Melhorar e acelerar o passo: chuvas grandes e cidades inundadas

São enormes e muitos os prejuízos de cada evento causando inundações, alguns irrecuperáveis como as mortes

Já virou regra: bastante chuva e cidades inundadas.

Um certo sentimento de “naturalização” toma conta de parte da população em relação a esta situação, apesar de todas as angústias. Será mesmo que não pode ser diferente?

São enormes e muitos os prejuízos de cada evento causando inundações, alguns irrecuperáveis como as mortes.

As pessoas precisam ser retiradas das regiões inundadas e mantidas em abrigos. Produções urbanas e agrícolas e negócios são  paralisados ou prejudicados. A saúde de muitos fica afetada, inclusive psicologicamente.
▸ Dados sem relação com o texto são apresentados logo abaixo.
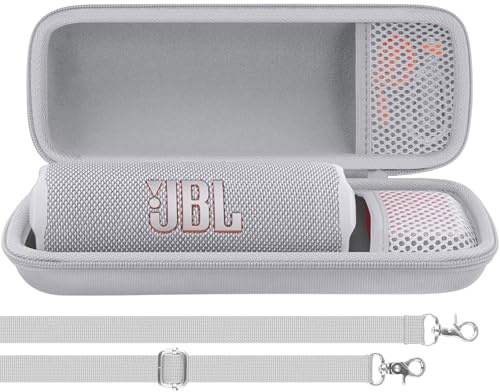 Aenllosi Coque rigide portable pour JBL Flip 7/6/5 avec bandoulière réglable, blanc (étui uniquement)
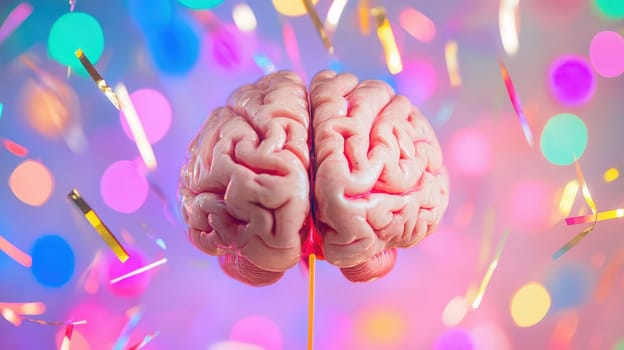 A vibrant display featuring a brain surrounded by colorful confetti symbolizing festive celebrations during the Christmas season.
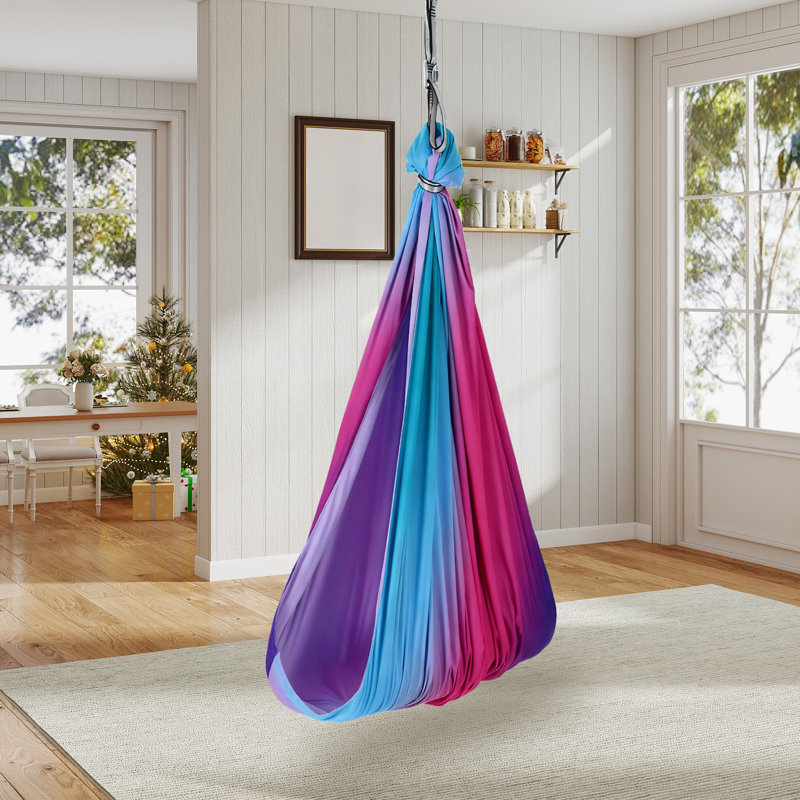 Fauteuil hamac berçant à double couche pour enfants - Thérapie par pression profonde, autisme et soutien du TDAH, pivotant à 360 °, utilisation intérieure / extérieure, capacité de 300 lb - Taille: 1,5 x 1,4 m, couleur: couleur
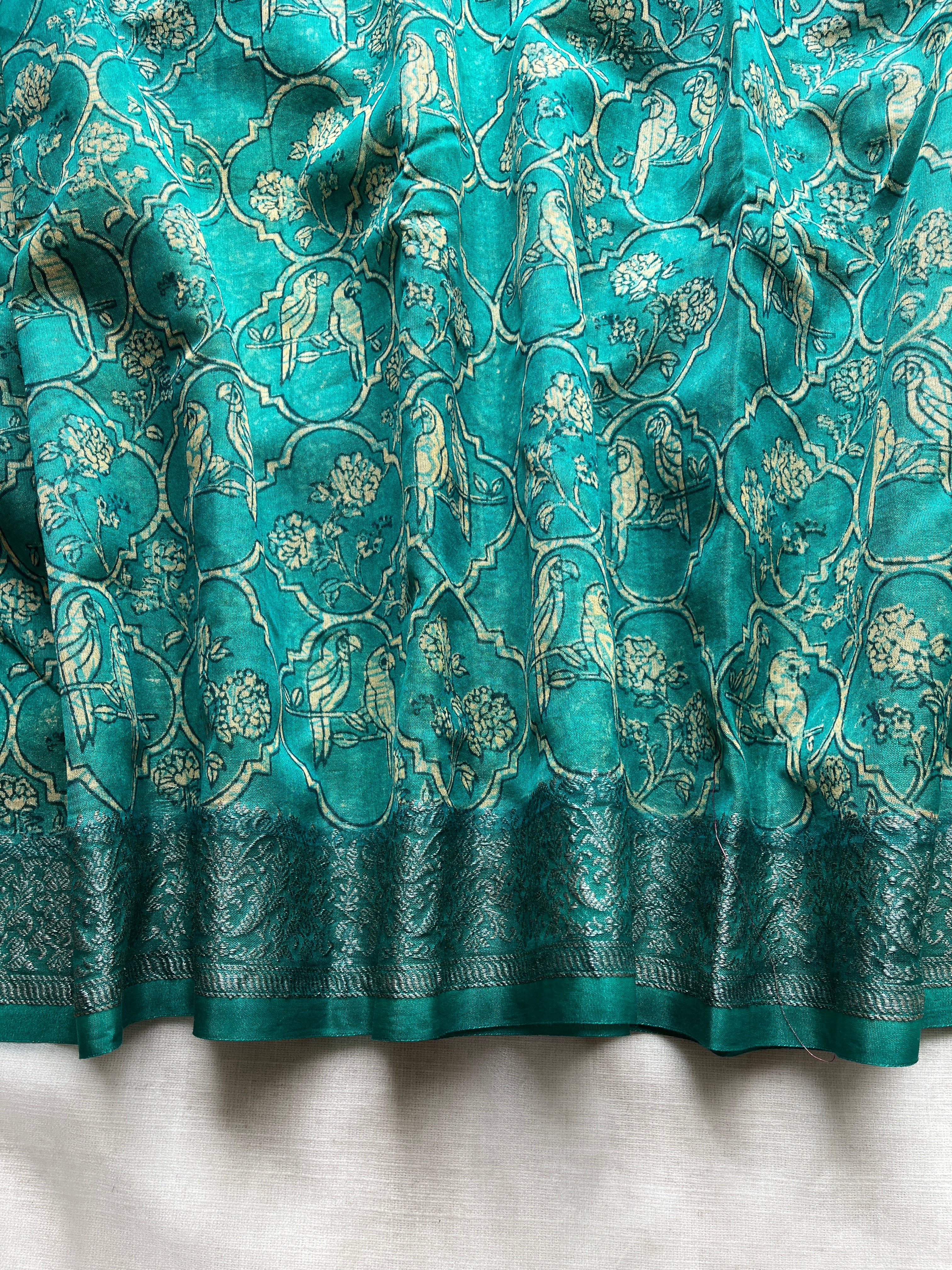 Green Chanderi Mughal printed saree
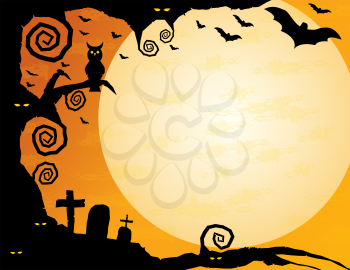 Royalty Free Clipart Image of a Spooky Graveyard Background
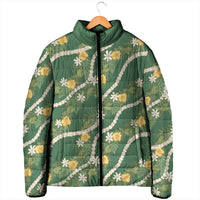 Hawaiian Pikake Maile Lei Padded Jacket Tiare Hibiscus Kalo Palapalai Leaf Green LT19 - Polynesian Pride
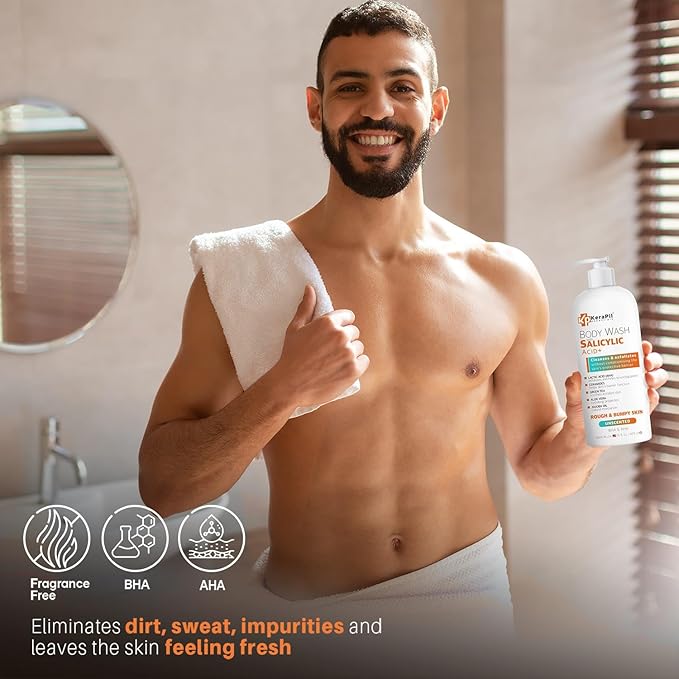 Salicylic Acid Body Wash - Skin Non-drying, Gentle Exfoliates Rough and Bumpy Skin, Body Acne Wash, BHA & AHA - Unscented Exfoliating Body Wash, Made in USA - (16 fl oz x 2)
Escolas precisam parar. O transporte perde caminhos. E assim estamos apenas citando algumas evidências.

E quando as águas baixam é hora de tentar retomar a vida, de reconstruir. Como sabemos, ainda falta muito para resolver o que foi destruído em maio de 2024. Então, como ficamos, vamos acumulando prejuízos a cada mais uma chuva prolongada?

Muitos desejam retornar às suas casas, mas se a região não possuir um sistema de proteção contra cheias e nem terá, o melhor é as pessoas e os meios de produção atingidos serem reassentados em regiões mais seguras. Mesmo tendo recursos financeiros, este é um processo demorado.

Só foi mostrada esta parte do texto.